- This event has passed.
Technical Paper Session C: Smart NICs
Technical Paper Session C: Smart NICs
Session Chair: Arpan Jain (Microsoft)
Characterizing Lossy and Lossless Compression on Emerging BlueField DPU Architectures.
Authors: Yuke Li (UC Merced), Arjun Kashyap (UC Merced), Yanfei Guo (ANL) and Xiaoyi Lu (UC Merced).

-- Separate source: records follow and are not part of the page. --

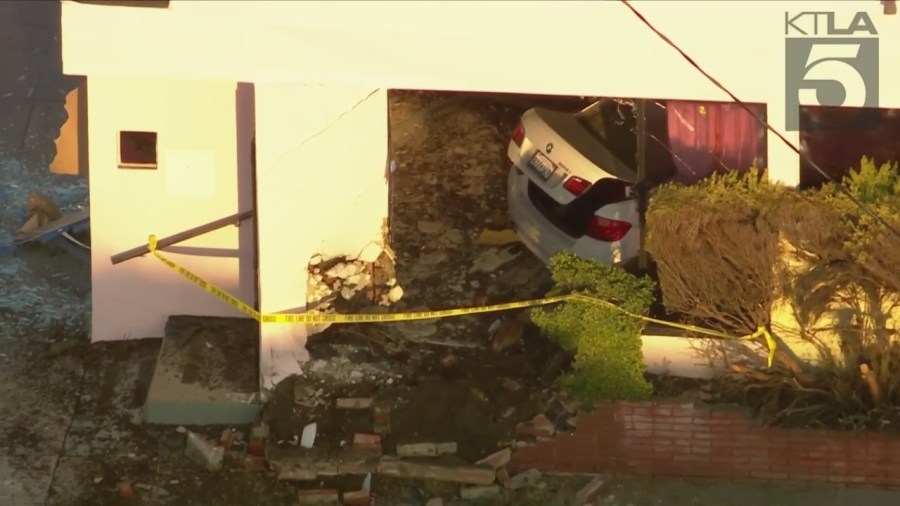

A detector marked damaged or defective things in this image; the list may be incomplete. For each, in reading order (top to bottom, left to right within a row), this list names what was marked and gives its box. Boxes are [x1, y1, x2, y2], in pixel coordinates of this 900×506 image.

damaged building wall [88, 75, 255, 342]
damaged building wall [253, 85, 386, 390]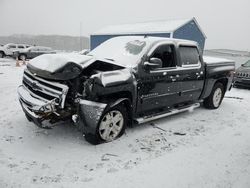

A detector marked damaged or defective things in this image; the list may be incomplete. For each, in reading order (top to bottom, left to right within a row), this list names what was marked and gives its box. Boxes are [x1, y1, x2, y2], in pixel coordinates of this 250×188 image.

crumpled hood [26, 53, 94, 81]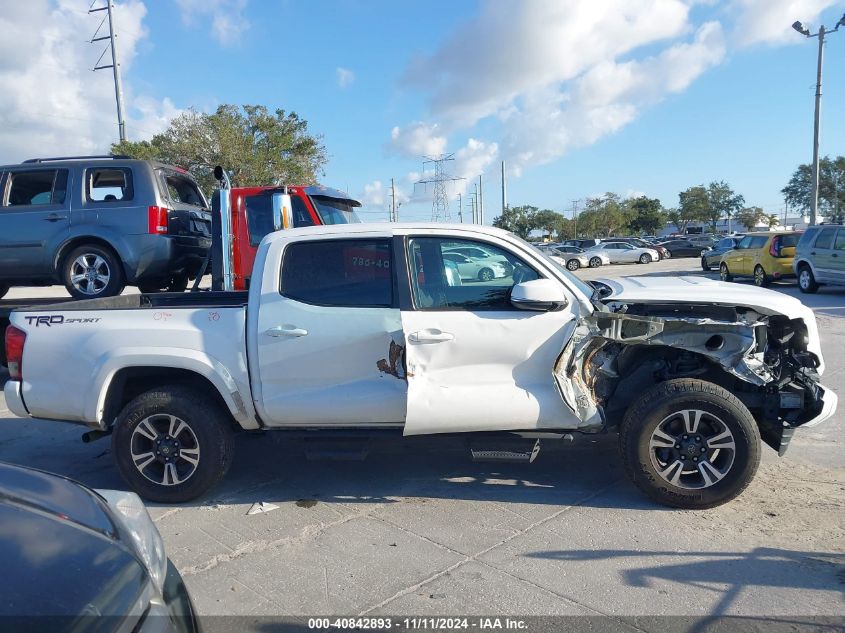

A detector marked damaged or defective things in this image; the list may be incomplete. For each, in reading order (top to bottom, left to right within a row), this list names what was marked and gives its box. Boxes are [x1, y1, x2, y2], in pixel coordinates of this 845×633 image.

damaged front end of truck [552, 296, 832, 454]
crumpled hood [600, 276, 824, 370]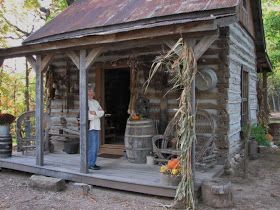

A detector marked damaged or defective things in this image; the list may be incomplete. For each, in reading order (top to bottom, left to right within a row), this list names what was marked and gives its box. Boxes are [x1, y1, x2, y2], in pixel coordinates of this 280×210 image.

rusted metal roof [23, 0, 238, 44]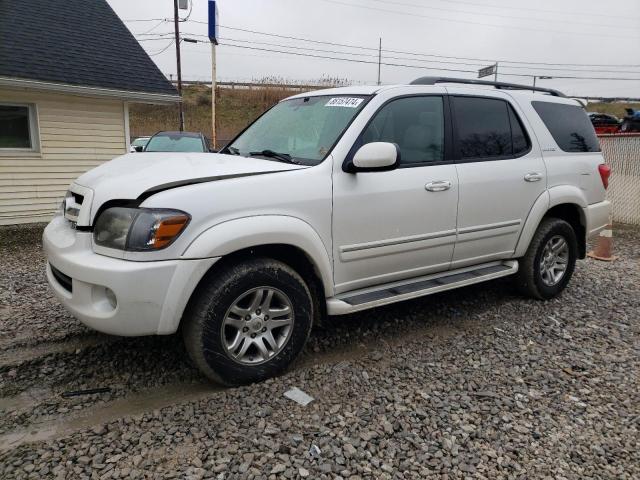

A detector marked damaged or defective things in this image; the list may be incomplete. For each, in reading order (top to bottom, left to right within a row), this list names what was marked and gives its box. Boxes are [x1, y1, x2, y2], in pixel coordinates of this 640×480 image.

damaged hood [71, 153, 306, 226]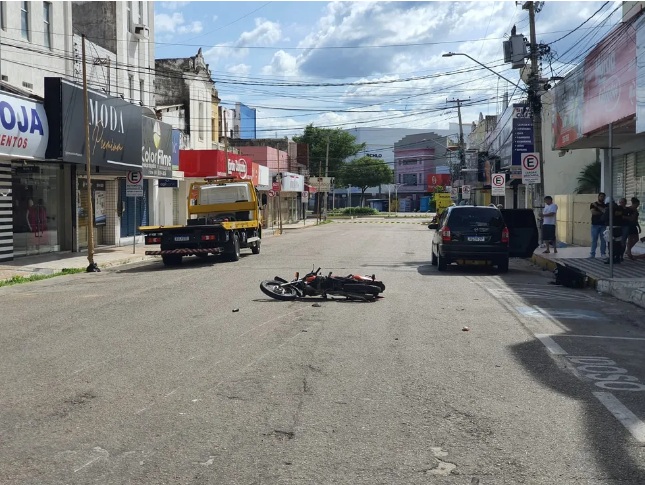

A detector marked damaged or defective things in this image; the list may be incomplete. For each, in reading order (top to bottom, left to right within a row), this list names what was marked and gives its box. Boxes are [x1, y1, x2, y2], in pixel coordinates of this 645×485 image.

cracked asphalt [1, 218, 644, 480]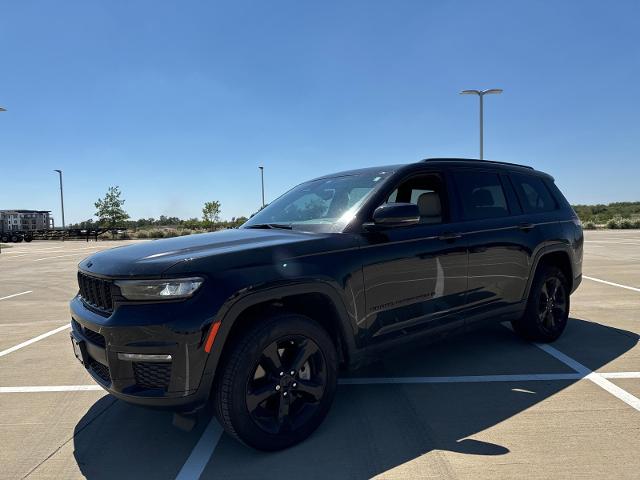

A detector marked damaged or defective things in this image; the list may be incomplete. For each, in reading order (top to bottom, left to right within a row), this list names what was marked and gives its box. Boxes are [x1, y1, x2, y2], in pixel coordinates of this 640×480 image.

parking lot pavement crack [20, 396, 119, 478]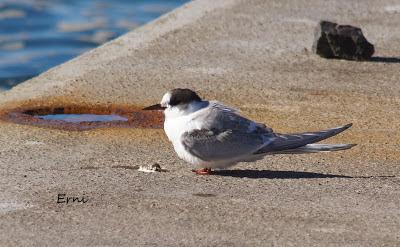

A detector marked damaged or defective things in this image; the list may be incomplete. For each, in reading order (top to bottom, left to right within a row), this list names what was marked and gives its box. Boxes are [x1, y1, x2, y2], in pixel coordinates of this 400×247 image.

rust stain [0, 97, 164, 131]
rusty circular stain [0, 104, 164, 131]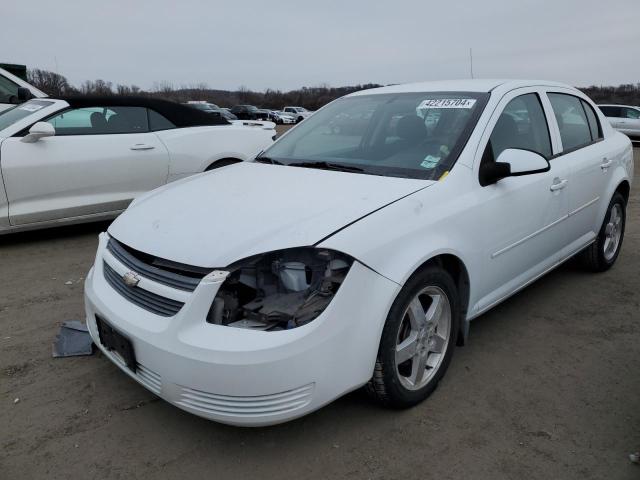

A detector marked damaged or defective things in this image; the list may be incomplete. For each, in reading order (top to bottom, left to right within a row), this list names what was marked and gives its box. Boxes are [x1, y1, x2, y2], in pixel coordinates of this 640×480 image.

exposed headlight housing [208, 248, 352, 330]
damaged front end [208, 248, 352, 330]
missing headlight [208, 248, 352, 330]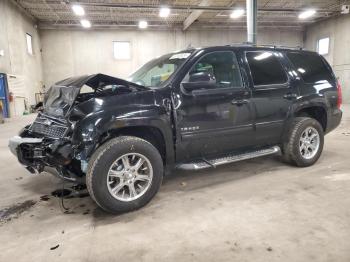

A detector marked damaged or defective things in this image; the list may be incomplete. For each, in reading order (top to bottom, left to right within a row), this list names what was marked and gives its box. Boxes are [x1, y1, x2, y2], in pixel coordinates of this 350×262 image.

crumpled hood [43, 73, 145, 117]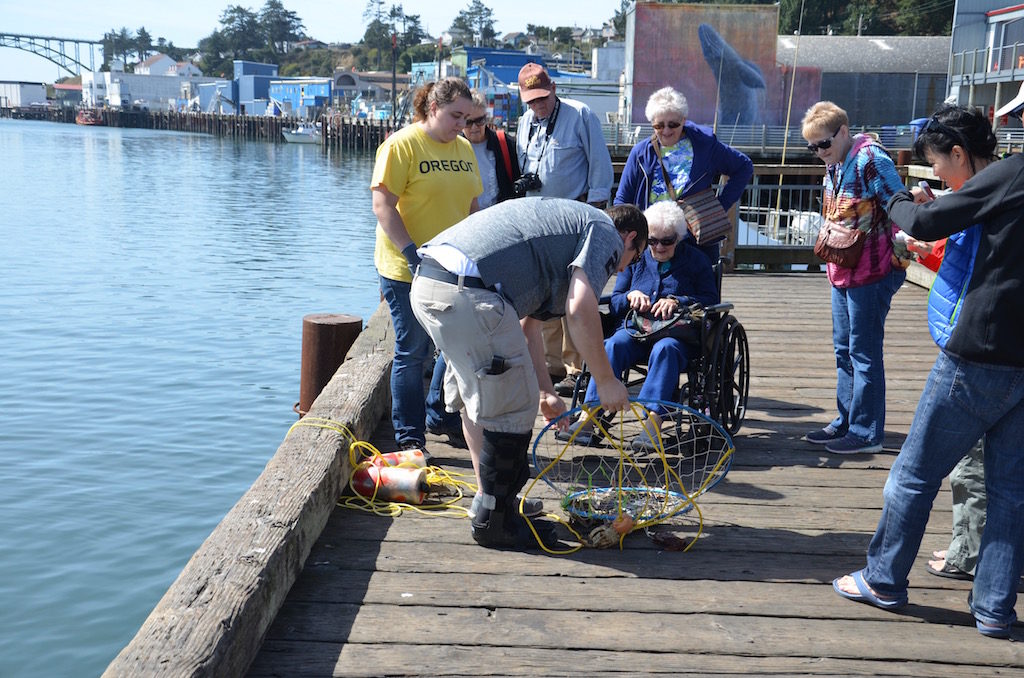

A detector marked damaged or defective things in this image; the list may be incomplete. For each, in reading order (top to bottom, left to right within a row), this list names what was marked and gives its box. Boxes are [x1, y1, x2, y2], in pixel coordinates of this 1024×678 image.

rusty metal post [294, 315, 362, 419]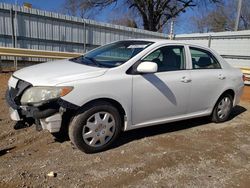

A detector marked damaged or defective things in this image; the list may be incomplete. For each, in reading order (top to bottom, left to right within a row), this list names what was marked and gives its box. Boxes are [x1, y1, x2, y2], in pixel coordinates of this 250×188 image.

damaged front bumper [5, 76, 78, 132]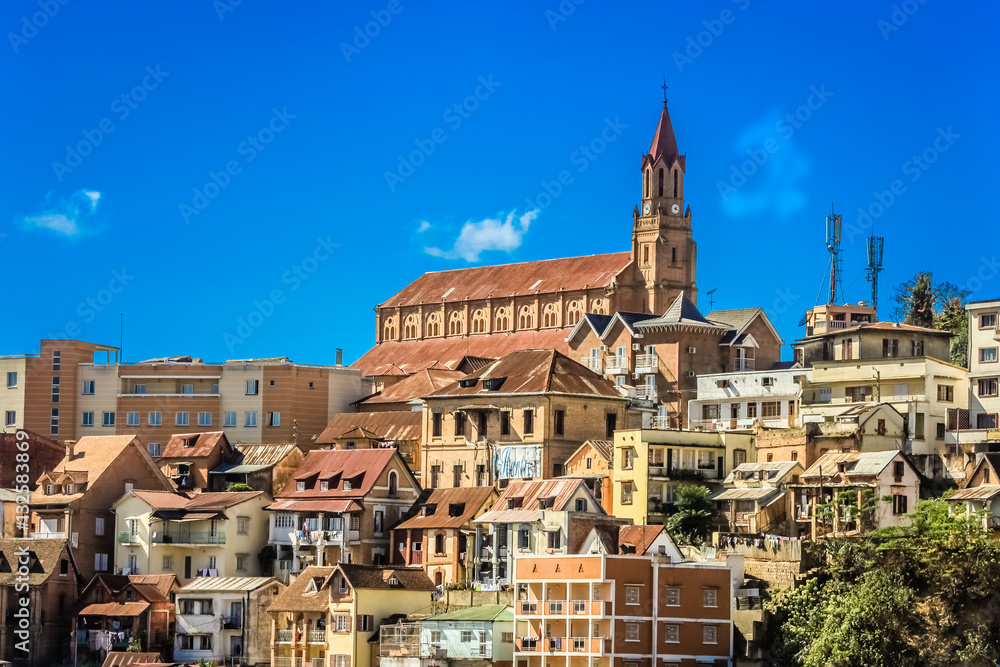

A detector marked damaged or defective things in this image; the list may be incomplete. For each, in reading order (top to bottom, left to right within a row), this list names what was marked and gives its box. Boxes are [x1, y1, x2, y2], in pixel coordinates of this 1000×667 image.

rusted metal roof [378, 253, 628, 310]
rusted metal roof [354, 328, 576, 378]
rusted metal roof [428, 350, 624, 402]
rusted metal roof [316, 412, 418, 444]
rusted metal roof [394, 486, 496, 532]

Abstract: The Data Processing Unit (DPU) (i.e., programmable SmartNICs with System-on-Chip or SoC cores) has emerged as a valuable supplementary resource to the host CPU. The DPU architecture has been attracting significant attention within High-Performance Computing (HPC) and data center clusters due to its advanced capabilities and accelerators, which include a hardware-based data compression engine. This positions the DPU as a prospective tool for accelerating and offloading compression workloads from the hosts, which can potentially speed up data-intensive applications. The convergence of Big Data, HPC, and Machine Learning (ML) systems has rendered large data volumes a major performance bottleneck in message communication and data storage. While compression can boost performance, recent studies reveal that compression techniques (e.g., lossy and lossless) are compute-intensive and time-consuming, particularly with larger data sizes. Consequently, this paper characterizes the performance of three lossy (SZ3) and lossless (DEFLATE and zlib) compression algorithms with seven real-world data sets on the popular NVIDIA’s BlueField-2 DPUs to explore potential opportunities for offloading these workloads from the host. We find that compared to DPU’s SoC cores, DPU’s hardware compression engine can obtain up to 26.8x performance speedup. Furthermore, we discuss the challenges and opportunities associated with employing NVIDIA’s BlueField DPUs to accelerate lossy and lossless compression/decompression workloads. Our research discloses five important takeaways which shed light on future research directions for lossy and lossless compressions on DPUs.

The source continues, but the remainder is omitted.